== TASK INSTRUCTIONS ==
Find the line holding "Gold floater framed" in the entries below. Give it again exactly, along with every line after it up to and including the line holding "full bathroom featuring".

[DATA FOR PROCESSING Boundary: Start]

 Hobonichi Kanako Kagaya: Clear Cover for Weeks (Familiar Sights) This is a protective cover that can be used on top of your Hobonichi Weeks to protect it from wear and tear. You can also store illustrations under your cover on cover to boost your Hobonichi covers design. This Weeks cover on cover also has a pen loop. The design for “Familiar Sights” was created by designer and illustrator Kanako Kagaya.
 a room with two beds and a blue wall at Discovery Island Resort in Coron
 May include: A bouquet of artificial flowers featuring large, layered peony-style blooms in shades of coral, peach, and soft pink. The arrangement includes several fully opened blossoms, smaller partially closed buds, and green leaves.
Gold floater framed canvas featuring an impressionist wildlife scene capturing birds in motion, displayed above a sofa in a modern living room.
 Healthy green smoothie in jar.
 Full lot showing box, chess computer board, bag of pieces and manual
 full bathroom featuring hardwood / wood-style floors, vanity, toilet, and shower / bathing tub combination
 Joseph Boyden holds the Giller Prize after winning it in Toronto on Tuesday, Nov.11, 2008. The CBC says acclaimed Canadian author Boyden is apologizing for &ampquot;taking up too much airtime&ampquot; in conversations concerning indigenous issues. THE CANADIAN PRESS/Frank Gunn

[DATA FOR PROCESSING Boundary: End]
[DATA FOR PROCESSING Boundary: Start]

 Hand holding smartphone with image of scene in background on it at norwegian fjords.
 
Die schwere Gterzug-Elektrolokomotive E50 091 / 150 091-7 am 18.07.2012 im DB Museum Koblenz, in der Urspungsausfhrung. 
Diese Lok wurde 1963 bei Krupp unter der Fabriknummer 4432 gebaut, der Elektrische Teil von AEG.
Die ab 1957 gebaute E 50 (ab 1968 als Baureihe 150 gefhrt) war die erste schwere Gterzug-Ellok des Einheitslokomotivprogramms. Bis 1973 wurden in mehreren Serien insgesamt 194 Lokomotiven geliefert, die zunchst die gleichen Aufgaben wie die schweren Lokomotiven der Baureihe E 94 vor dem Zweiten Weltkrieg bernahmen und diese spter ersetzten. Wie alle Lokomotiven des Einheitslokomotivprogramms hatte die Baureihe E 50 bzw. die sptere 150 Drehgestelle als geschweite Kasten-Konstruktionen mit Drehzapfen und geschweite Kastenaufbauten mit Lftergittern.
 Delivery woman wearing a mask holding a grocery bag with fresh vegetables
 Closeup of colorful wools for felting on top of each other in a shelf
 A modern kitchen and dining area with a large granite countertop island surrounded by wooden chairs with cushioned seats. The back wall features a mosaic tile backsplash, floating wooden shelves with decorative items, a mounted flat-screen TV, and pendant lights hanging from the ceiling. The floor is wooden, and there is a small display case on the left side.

[DATA FOR PROCESSING Boundary: End]
[DATA FOR PROCESSING Boundary: Start]

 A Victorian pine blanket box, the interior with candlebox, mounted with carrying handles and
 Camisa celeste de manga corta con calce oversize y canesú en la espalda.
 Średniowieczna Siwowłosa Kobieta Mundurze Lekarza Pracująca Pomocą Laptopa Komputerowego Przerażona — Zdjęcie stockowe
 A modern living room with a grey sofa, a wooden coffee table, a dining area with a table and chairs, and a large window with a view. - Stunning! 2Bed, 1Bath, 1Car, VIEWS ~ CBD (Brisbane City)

[DATA FOR PROCESSING Boundary: End]

== REPLY ==
Gold floater framed canvas featuring an impressionist wildlife scene capturing birds in motion, displayed above a sofa in a modern living room.
 Healthy green smoothie in jar.
 Full lot showing box, chess computer board, bag of pieces and manual
 full bathroom featuring hardwood / wood-style floors, vanity, toilet, and shower / bathing tub combination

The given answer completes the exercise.